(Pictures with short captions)
____________

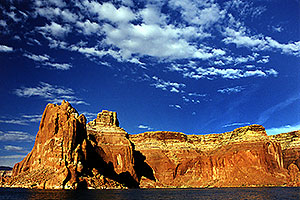 along Lake Powell … views from the boat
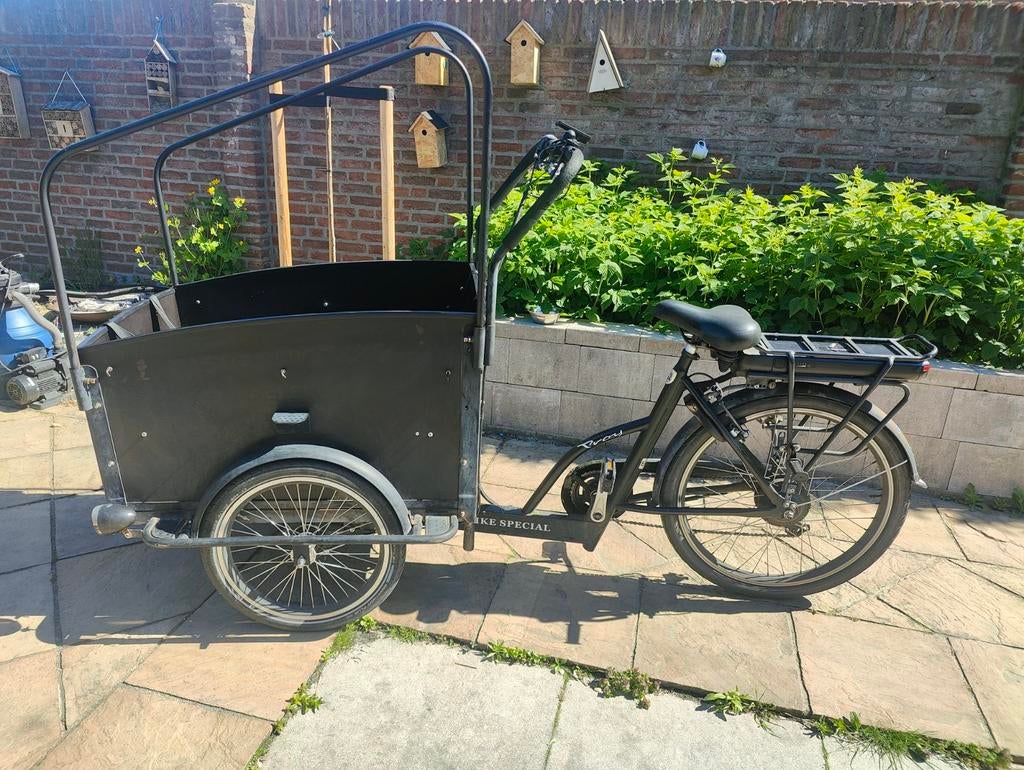 Elektrische Bakfiets - Ideaal voor Kinderen en Goederen, 4 kinderen of meer, Gebruikt, Elektrisch, Ophalen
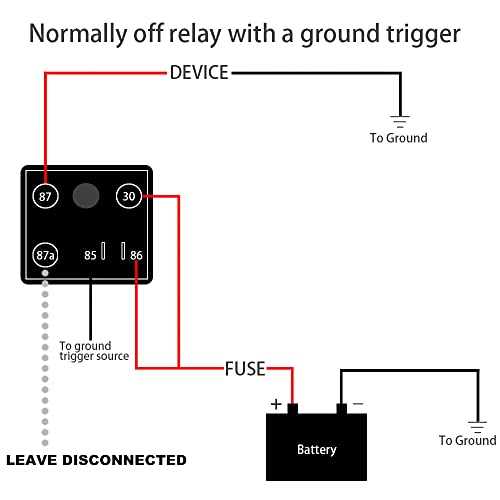 irhapsody Relay 250A, 12V Continuous Duty SPDT 5-pin High Power Relay - Thumbnail 5
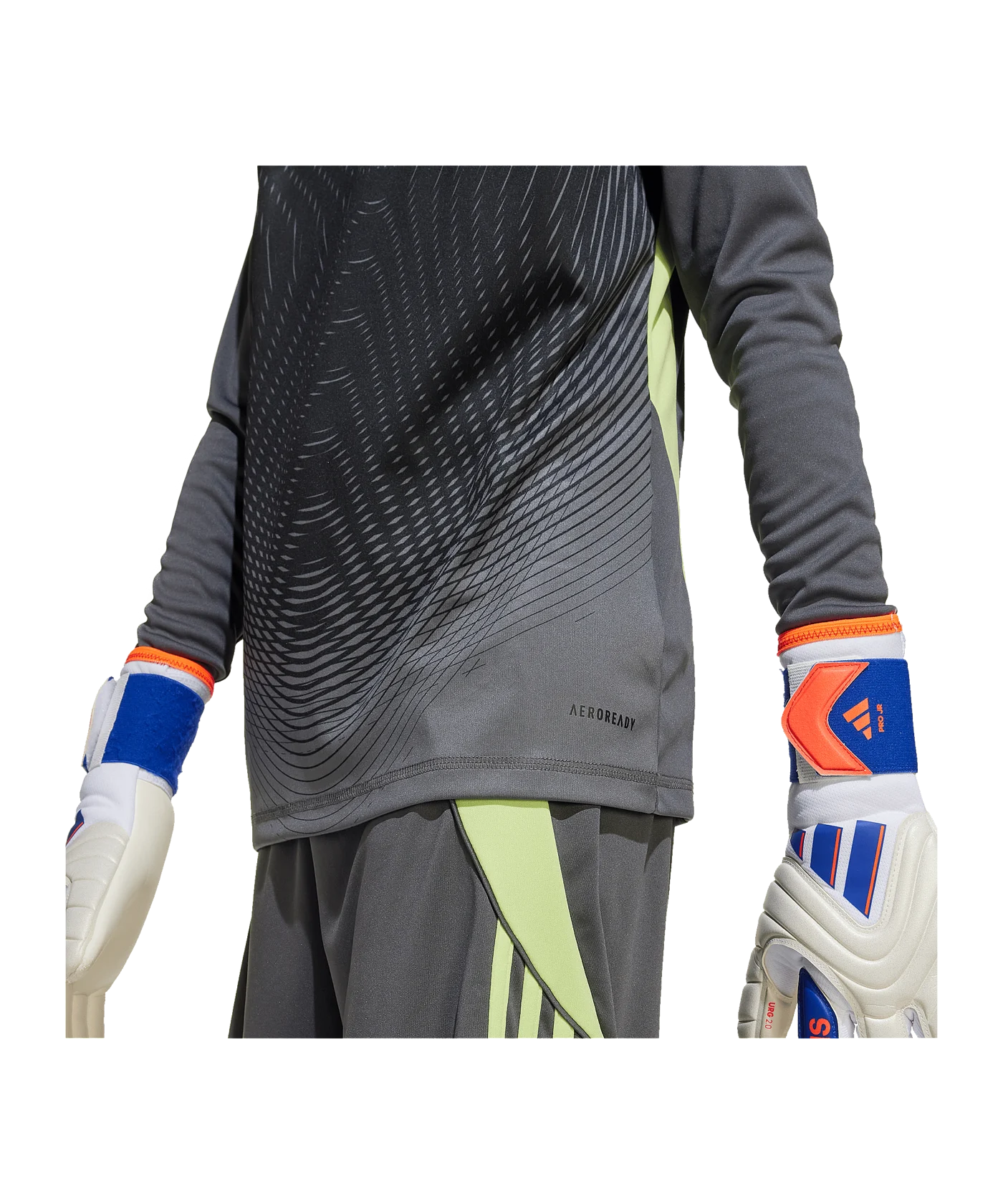 adidas Tiro 25 Competition Torwarttrikot Kids Grau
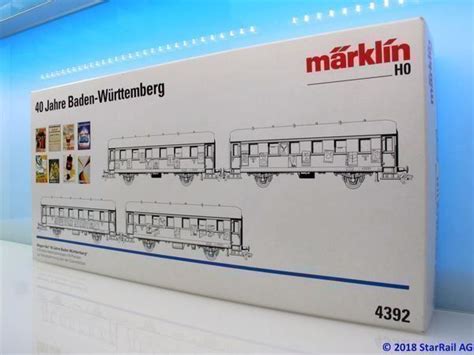 Märklin 4392 4teiliges Set "40 Jahre Baden-Württemberg" | Kaufen auf ...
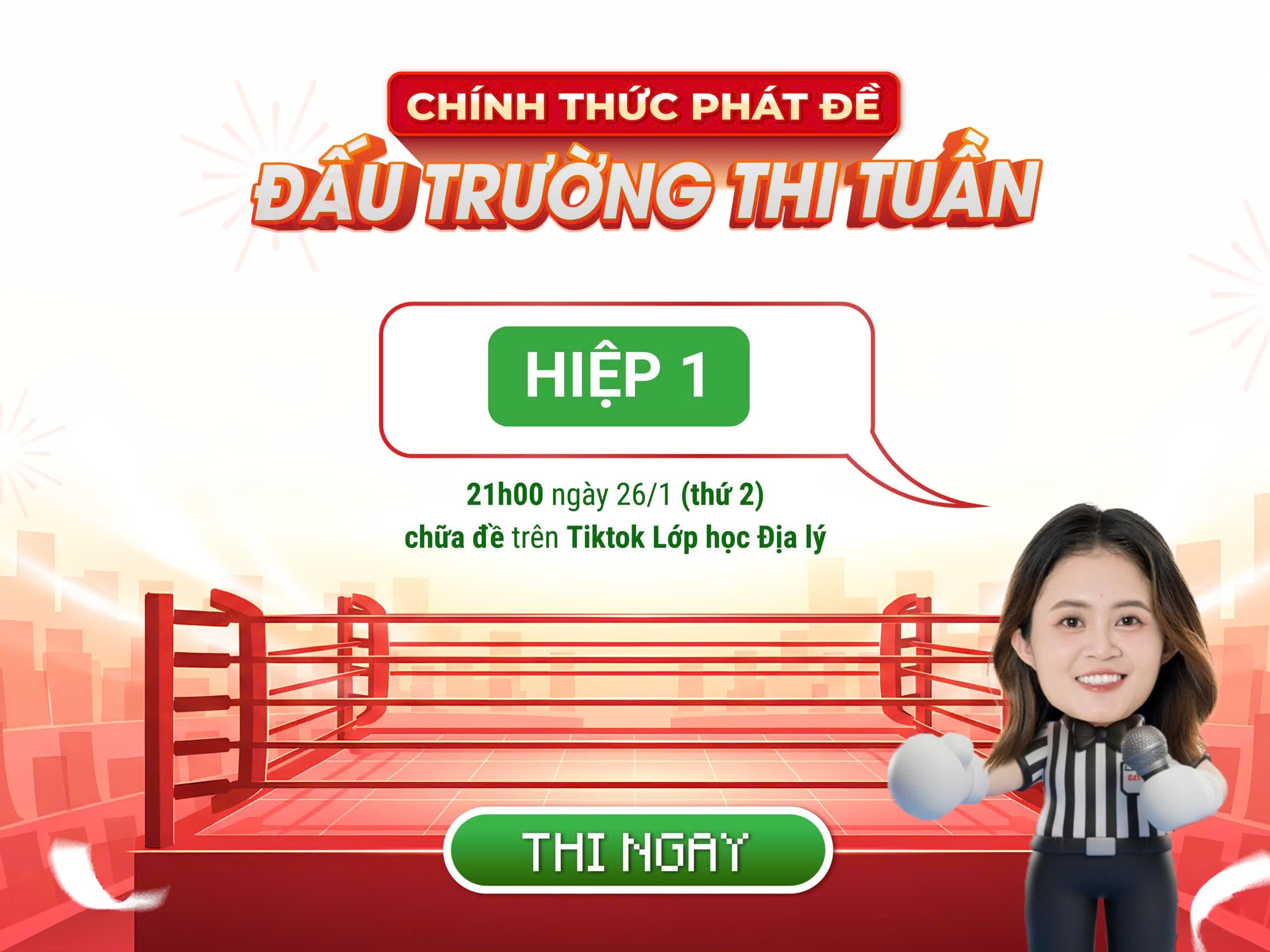 ĐTTT - THI THỬ MÔN ĐỊA LÍ CÔ MAI ANH - ĐỀ HIỆP 01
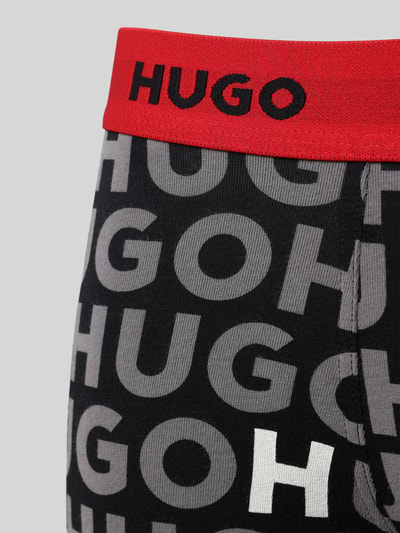 HUGO Trunks mit Label-Bund im 3er-Pack Black 2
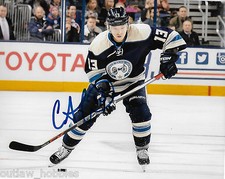 Columbus Blue Jackets Cam Atkinson Signed Autographed 8x10 NHL Photo COA B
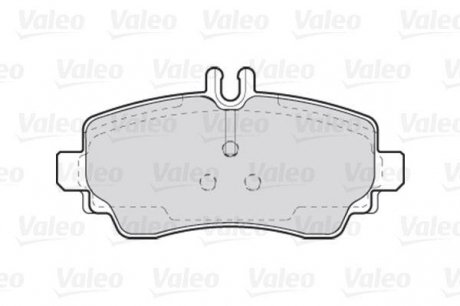 Комплект тормозных колодок, дисковый тормоз Valeo 301549 (фото 1)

____________

▶ AIM OF THE EXERCISE:
Leave out all pictures and retype precisely the lines that run from the line containing "HUGO Trunks mit" to the last line of the records.

▶ REPLY TO THE EXERCISE:
 HUGO Trunks mit Label-Bund im 3er-Pack Black 2
 Columbus Blue Jackets Cam Atkinson Signed Autographed 8x10 NHL Photo COA B
 Комплект тормозных колодок, дисковый тормоз Valeo 301549 (фото 1)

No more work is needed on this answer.